So I really love the kind of focused tone players get from banjos like Whyte Laydies and the like. I’m not in a position to buy one of those now, and I’ve recently put some time and money into a Washburn Style C conversion. So, I’m wondering what other things a person can change or set-up on an open back to get that kind of electric and focused tone on something like my Style C Conversion.

Dec 2, 2020 - 3:26:49 AM

Bill H

USA

1472 posts since 11/7/2010

Head tension, bridge and tailpiece can all be adjusted to achieve a particular sound. Also the style of the head--frosted. clear, Renaissance, cloudy, skin--I have tried them all. String gauge and material is a factor. Your own style of play is a major influencer of sound and tone as well. I always start with head tension. then consider the best bridge for a particular banjo. Tinker to your heart's content, this is what banjo players are born to do.

Dec 2, 2020 - 4:05:59 AM

1681 posts since 6/2/2010

A Washburn style C makes a fine clawhammer banjo. If the conversion was done well you should never need another banjo. Of course there is nothing wrong with wanting another banjo.

The Washburn should be capable of producing a wonderful sound and can be tweaked many ways as Bill mentioned above.

Dec 2, 2020 - 5:25:39 AM
Players Union Member

Eric A

USA

958 posts since 10/15/2019

What do you have going right now in terms of setup? That might help folks steer you toward some tweaks.

Type of head
Head tension (you need a drum dial)
Type of tailpiece
Type of bridge
Weight of bridge (you need a gram scale, and maybe some sandpaper)
Choice of string set

It's a never ending obsession.

Dec 2, 2020 - 5:44:26 AM

132 posts since 10/2/2011

You’re right, Eric. I’ll give you the specs I know.

Renaissance head
Tuned by ear between a G and G#(sorry i don’t have a dial)
Big foot bridge (I can measure it sometime soon)
GHS phosphor bronze PF160 Medium gauge (11-13-16-26-10)
Not sure what kind of tailpiece. I’ll attach a picture.

I sure appreciate all y’all’s insight.


 

Dec 2, 2020 - 6:16:06 AM
Players Union Member

Eric A

USA

958 posts since 10/15/2019

quote:
Originally posted by josephryanevans

You’re right, Eric. I’ll give you the specs I know.

Renaissance head
Tuned by ear between a G and G#(sorry i don’t have a dial)
Big foot bridge (I can measure it sometime soon)
GHS phosphor bronze PF160 Medium gauge (11-13-16-26-10)
Not sure what kind of tailpiece.
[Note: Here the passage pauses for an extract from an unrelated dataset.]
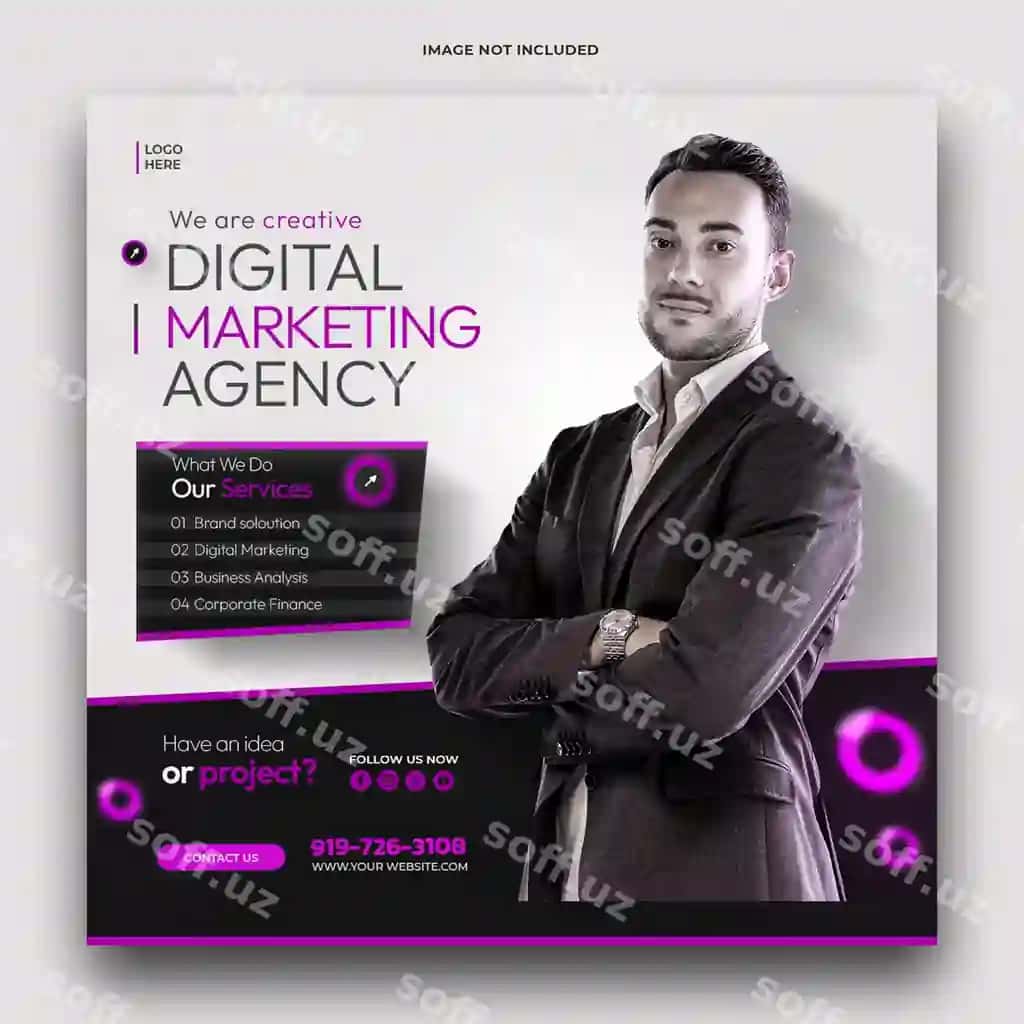 Raqamli marketing agentligi uygorijanat ijtimoiy tarmoqlar banneri Instagram | Digital marketing agency corporate social media banner instagram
I’ll attach a picture.

I sure appreciate all y’all’s insight.


At a glance, the first thing I would do is try some different bridges.  Lighter/thinner bridges (within reason) will steer you toward the sound you are talking about.  I don't know what a Big Foot bridge weighs, but it looks like a ton.  Perhaps good for certain types of tone, but probably not the best choice for what this thread is about.  I've never tried one, so that is guesswork on my part.  To my ear, the weight has a huge impact, regardless of the maker.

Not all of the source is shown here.